Ein virtueller Friedhof findet sich beispielsweise hier. Unter Umständen ist es sogar möglich, die Ausgestaltung vor seinem eigenen Tod, sofern er nicht überraschend kommt, selbst in die Hand zu nehmen. Daß meine Homepage meine irdische Existenz überdauert und den nach mir Kommenden davon kündet, was ich gedacht habe, wäre mir offen gestanden sehr wichtig. Ich will nicht bloß mit ein paar dürftigen Daten auf einem Grabstein abgespeist werden. Damit ist keinem gedient.

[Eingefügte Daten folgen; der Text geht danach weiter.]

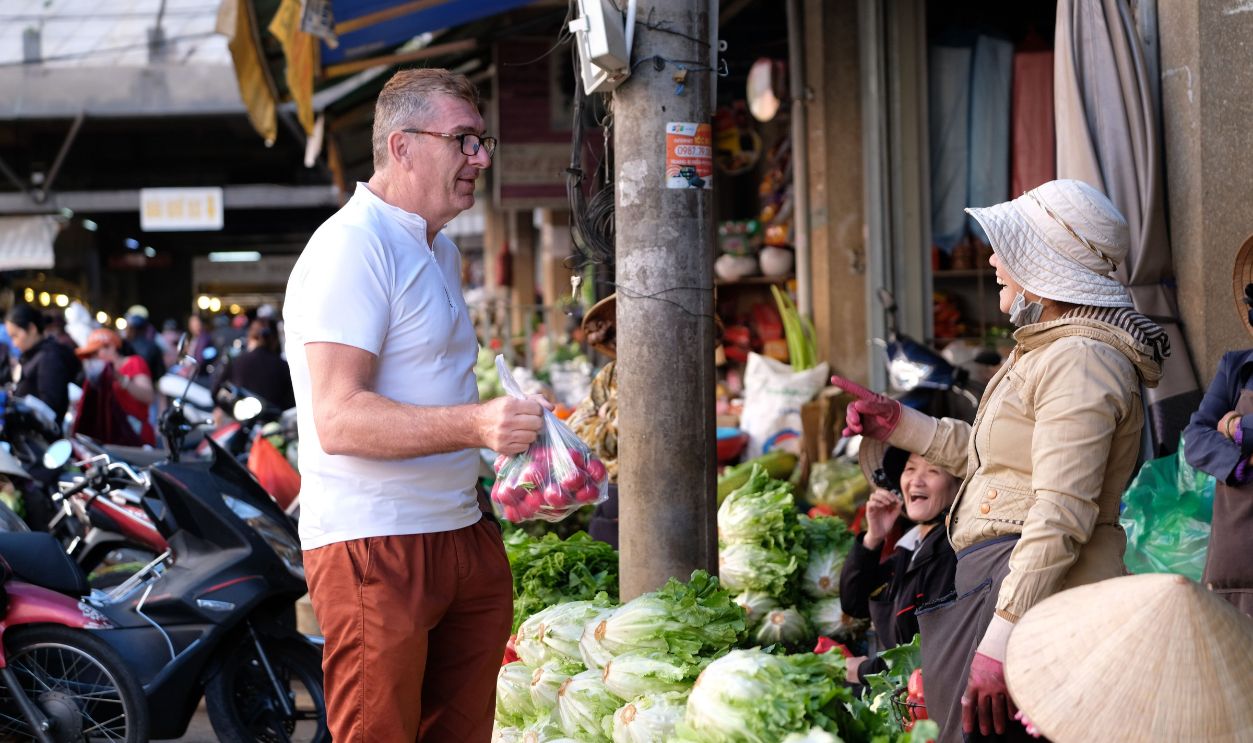 A vibrant scene at a bustling Vietnamese market with people interacting and fresh produce on display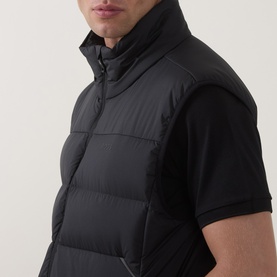 Model wearing Boss Green Label black quilted polyester gilet with funnel neck, styled with a black short-sleeve top.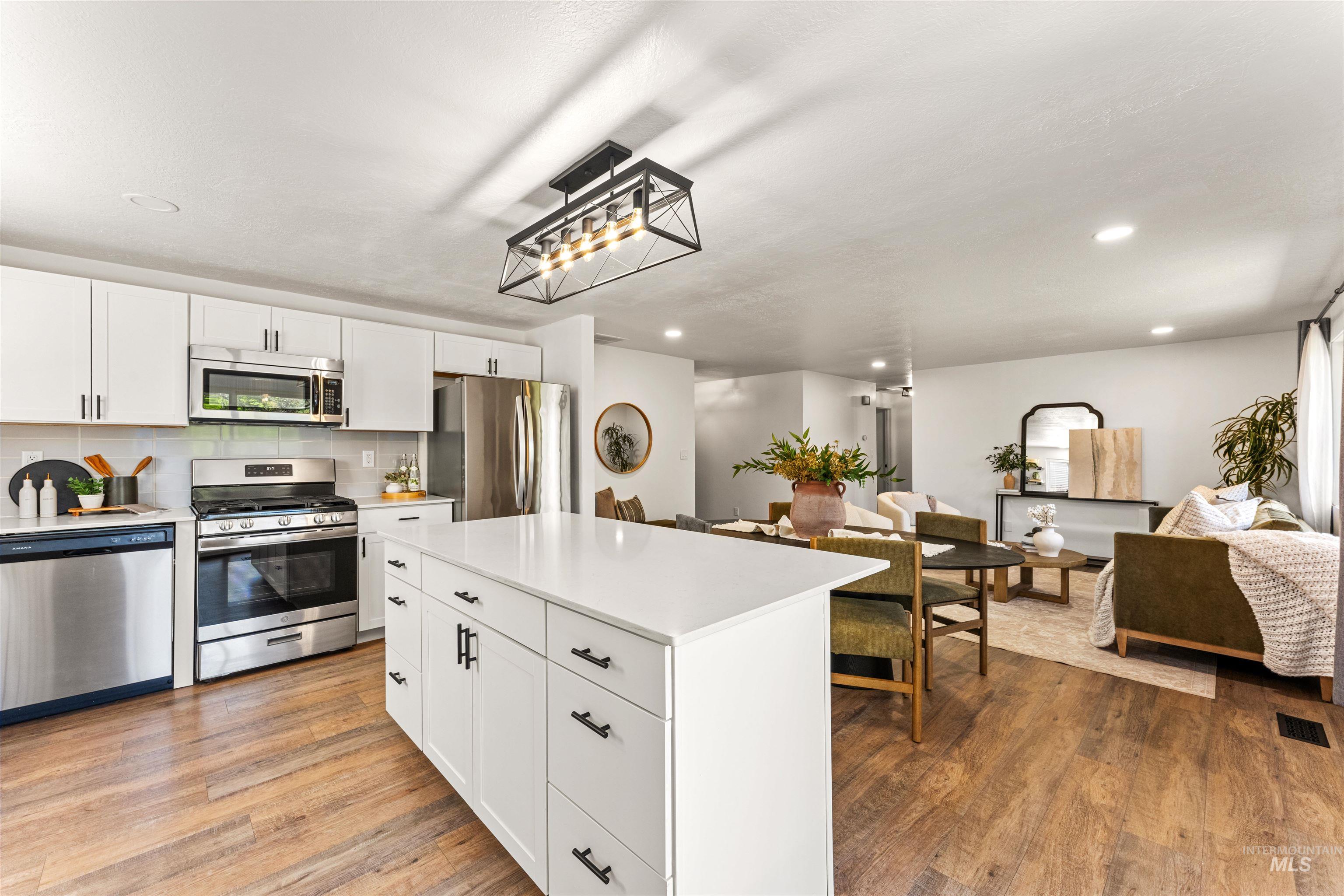 4700 Jennifer Street Boise, ID 83704 - Photo 17 of 39 Open-concept living area featuring a kitchen with white cabinetry, stainless steel appliances, a center island with a white countertop, and wood-finish flooring extending throughout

Selbstverständlich ist das Ganze nicht so einfach umzusetzen. Soll man seinem Provider das Geld für die nächsten 50 Jahre im voraus überweisen? Oder soll man sich besser einem eigens dafür vorgesehenen "Platz für Bestattungen im Internet" anvertrauen? Und was passiert, wenn der Betreiber keine Lust mehr hat und sein Geschäft aufgibt? Oder wenn er Pleite macht bzw. selbst das Zeitliche segnet? Am 30.05.1999 stellte uns Heise-online einen virtuellen Friedhof vor: "Auf einem Friedhof im Internet kann jetzt jeder seinen verstorbenen Angehörigen ein kostenloses Denkmal setzen. Erfinder des sogenannten "Friedparks" ist der Steuerberater Bernd Schröder aus Bissendorf bei Osnabrück. Auf Friedhöfen und aus Todesanzeigen hat er Tausende von Namen und Daten gesammelt und die Datenbank schließlich zum virtuellen Friedhof ausgebaut. Unter der Adresse www.friedpark.com kann jeder eine Grabstätte anlegen und mit persönlichen Trauertexten oder einem Foto des Toten ausstatten." Klickt man die Site an, kommt jedoch folgender Hinweis:



Offenbar hat der Platz für das "kostenlose Denkmal" nicht allzu lange überdauert, Inhalte finden sich dort nicht mehr. Im Gegensatz zu richtigen Friedhöfen sind virtuelle also vergleichsweise flüchtig. Das eigene Denkmal kann somit recht schnell im elektronischen Nirvana verschwinden. Die Idee ist im Grunde gut, die konkrete Ausführung wirft indes zahlreiche Fragen auf. Alles in allem wäre es äußerst wünschenswert, wenn von den vielen gelebten Leben irgendwo auf diesem Planeten ein paar Informationen überdauern würden. Jedenfalls mehr als Grabsteinen gemeinhin zu entnehmen sind.